- EXERCISE GOAL
Return all lines of the records that contain the word "triple".

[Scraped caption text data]
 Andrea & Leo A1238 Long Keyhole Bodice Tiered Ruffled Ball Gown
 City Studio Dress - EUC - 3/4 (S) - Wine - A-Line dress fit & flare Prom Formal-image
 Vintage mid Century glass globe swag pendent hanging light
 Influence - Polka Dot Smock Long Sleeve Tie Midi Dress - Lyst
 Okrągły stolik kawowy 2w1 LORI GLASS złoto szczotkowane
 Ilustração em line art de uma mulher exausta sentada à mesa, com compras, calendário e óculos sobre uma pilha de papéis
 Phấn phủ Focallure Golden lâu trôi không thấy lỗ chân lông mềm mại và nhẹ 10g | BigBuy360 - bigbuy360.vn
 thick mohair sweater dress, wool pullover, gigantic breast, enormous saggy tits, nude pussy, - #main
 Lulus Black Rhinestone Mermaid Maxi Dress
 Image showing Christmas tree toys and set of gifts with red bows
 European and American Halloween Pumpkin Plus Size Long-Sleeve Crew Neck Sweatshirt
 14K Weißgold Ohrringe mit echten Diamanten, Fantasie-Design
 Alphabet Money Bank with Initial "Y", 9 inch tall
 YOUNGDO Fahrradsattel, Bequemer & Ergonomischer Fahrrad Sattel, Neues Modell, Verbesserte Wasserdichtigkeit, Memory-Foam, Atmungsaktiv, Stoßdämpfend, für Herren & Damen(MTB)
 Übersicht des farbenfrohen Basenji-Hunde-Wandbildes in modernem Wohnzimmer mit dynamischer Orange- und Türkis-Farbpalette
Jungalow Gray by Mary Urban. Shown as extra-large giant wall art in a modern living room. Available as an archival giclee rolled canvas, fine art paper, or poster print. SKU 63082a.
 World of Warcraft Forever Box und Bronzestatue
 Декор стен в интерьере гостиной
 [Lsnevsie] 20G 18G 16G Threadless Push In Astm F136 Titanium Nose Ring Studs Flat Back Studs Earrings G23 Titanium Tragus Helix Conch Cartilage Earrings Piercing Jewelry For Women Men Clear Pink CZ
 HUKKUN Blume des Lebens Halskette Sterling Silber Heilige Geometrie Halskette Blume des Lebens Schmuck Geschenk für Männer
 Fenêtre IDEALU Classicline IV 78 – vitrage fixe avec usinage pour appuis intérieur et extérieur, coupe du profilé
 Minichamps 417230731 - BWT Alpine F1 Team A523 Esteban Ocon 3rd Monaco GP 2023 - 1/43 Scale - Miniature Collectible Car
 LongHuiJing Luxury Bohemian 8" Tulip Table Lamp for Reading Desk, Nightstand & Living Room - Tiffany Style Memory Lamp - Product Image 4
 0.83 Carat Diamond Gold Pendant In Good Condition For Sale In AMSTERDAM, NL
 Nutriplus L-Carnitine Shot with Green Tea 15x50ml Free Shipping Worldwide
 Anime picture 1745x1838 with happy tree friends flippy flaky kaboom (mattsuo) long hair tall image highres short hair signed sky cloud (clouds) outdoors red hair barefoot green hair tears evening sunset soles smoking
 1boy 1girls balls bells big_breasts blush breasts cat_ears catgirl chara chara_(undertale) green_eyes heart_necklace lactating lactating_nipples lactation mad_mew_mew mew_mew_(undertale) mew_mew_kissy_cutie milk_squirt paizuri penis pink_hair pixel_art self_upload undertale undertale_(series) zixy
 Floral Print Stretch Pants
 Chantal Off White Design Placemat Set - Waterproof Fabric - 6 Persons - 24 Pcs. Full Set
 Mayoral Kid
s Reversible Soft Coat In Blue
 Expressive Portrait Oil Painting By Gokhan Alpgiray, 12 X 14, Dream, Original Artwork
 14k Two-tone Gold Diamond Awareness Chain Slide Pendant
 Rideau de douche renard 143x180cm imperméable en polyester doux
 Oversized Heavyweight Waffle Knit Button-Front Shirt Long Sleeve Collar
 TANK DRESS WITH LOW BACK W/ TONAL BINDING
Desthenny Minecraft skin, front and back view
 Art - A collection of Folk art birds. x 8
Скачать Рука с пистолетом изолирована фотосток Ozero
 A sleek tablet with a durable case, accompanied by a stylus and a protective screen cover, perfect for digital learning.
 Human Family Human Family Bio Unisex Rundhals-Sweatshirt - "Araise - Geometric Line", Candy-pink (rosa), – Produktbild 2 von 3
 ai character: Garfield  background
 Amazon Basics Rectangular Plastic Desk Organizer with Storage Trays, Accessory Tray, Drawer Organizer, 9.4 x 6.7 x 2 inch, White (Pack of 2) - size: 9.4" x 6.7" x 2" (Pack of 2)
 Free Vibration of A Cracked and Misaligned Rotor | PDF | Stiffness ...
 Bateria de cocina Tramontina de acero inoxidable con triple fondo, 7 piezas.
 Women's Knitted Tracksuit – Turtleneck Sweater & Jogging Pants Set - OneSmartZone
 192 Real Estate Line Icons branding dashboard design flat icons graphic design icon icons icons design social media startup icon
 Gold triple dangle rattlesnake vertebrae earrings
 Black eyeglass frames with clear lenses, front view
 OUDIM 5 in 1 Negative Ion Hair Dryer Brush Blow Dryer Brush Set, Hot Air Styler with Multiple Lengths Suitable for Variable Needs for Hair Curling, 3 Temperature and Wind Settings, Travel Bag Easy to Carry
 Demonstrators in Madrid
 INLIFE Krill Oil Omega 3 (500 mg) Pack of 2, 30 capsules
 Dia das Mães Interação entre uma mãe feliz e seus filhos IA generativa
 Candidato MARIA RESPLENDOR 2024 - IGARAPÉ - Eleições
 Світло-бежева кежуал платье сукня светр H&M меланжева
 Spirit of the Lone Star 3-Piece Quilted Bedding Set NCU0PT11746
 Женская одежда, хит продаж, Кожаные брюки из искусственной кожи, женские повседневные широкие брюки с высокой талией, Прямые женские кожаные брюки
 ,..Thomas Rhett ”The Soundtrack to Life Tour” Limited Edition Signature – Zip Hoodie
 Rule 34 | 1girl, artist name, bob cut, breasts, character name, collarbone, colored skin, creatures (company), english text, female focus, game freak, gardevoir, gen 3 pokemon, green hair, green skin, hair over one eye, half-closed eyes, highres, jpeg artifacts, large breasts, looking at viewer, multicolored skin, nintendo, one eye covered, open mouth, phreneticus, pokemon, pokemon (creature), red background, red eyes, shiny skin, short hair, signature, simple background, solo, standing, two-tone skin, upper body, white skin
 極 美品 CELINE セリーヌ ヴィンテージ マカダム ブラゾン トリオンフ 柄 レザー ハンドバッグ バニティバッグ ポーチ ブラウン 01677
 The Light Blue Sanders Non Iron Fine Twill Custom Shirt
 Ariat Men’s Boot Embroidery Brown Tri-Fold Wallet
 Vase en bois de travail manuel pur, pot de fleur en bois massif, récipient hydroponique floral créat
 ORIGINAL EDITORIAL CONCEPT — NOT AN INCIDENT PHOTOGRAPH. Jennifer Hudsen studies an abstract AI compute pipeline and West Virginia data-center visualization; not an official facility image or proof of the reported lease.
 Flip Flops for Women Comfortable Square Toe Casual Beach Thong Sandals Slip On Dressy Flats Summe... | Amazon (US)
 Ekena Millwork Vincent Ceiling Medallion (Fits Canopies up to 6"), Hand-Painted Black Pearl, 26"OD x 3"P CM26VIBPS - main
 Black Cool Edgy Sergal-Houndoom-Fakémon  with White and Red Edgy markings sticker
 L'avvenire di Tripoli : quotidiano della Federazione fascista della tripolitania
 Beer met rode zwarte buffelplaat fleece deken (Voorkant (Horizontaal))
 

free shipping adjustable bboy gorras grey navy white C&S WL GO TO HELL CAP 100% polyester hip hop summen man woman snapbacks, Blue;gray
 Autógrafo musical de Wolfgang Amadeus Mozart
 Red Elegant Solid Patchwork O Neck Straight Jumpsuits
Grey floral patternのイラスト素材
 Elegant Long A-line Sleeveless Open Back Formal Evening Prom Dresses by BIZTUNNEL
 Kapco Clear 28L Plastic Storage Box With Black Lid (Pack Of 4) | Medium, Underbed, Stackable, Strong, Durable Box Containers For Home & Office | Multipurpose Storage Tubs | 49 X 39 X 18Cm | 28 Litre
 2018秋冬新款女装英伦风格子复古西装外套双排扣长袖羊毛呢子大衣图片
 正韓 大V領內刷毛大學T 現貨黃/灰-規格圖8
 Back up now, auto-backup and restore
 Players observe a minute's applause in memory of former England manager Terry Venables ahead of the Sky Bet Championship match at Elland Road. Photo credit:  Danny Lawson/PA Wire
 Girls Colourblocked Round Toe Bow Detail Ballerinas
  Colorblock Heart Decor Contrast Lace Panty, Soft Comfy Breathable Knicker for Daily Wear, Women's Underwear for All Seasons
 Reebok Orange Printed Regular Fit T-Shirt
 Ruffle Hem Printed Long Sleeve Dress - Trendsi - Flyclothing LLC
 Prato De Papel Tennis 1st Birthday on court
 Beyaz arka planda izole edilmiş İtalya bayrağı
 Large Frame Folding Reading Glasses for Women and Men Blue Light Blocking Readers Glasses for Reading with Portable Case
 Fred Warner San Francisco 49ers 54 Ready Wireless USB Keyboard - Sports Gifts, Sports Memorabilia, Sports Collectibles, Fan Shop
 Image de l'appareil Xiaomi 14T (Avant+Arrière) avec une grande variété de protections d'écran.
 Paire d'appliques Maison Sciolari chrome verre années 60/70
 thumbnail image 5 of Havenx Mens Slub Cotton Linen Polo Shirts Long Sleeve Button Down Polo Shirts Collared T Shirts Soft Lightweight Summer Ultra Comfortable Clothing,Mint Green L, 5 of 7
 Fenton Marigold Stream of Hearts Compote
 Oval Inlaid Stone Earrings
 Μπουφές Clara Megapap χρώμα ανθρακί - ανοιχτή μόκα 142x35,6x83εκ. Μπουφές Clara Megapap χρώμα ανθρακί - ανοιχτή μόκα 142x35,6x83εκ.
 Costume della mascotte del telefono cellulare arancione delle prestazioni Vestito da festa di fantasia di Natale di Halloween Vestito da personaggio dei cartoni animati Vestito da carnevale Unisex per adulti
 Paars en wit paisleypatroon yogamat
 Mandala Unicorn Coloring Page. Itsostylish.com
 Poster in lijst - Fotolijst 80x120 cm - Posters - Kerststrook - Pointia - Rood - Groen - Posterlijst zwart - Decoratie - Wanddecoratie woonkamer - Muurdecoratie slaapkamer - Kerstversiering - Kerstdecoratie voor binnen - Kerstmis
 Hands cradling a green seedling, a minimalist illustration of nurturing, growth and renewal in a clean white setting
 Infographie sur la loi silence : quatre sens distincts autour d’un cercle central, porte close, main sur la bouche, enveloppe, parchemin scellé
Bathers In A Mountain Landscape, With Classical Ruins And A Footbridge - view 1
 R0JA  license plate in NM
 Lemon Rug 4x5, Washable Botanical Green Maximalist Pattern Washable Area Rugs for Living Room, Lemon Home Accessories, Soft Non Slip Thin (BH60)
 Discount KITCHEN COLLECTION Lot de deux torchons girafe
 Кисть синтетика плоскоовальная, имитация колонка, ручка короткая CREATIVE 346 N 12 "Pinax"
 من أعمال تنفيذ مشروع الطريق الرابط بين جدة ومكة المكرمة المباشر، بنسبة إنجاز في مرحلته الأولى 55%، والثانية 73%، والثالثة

- RESPONSE AREA
 Bateria de cocina Tramontina de acero inoxidable con triple fondo, 7 piezas.
 Gold triple dangle rattlesnake vertebrae earrings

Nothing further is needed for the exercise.